Occurrence processing, indexing and batch processing
Other
7 stars 24 forks source link

ExportFromIndexStream with filter file, filters locally rather than on the server #206

Open ansell opened 7 years ago

ansell commented 7 years ago

ExportFromIndexStream when run with a filter file does all filtering locally rather than on the server. The key line seems to be:

https://github.com/AtlasOfLivingAustralia/biocache-store/blob/master/src/main/scala/au/org/ala/biocache/export/ExportFromIndexStream.scala#L373

This prevented me from splitting up the single monolithic bulk downloads regeneration job into separate jobs because each of the separate jobs would need to download every record, making them unviable at the current records-per-second performance: https://github.com/AtlasOfLivingAustralia/maintenance/issues/26

Workaround is to keep running the 47 hour bulk downloads regeneration jobs monthly.

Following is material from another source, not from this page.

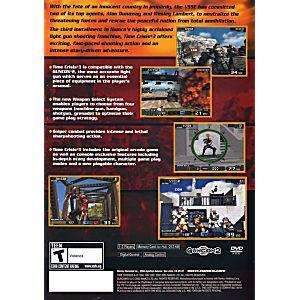 Time Crisis 3 con Guncon2 - Juego de PS2 (Retro Fam) - Image 2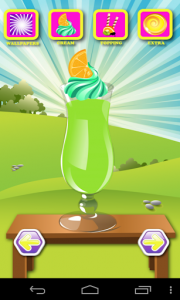 اسکرین شات بازی Fruit Juice Maker 8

djtfmartin commented 6 years ago

Ive added the 1.9x label to this as the filter file isnt supported currently in 2.x (we arent using the ByteOrderPartitioner so key ranges arent possible).

ansell commented 6 years ago

The filter file is required for when we switch to 2.x to avoid pressure on the downloads service.

@M-Nicholls this feature, generating offline downloads so users can avoid using the live downloads service, is not yet implemented for 2.x. If we switch over before it is implemented, the downloads on downloads.ala.org.au will no longer be updated until it is implemented.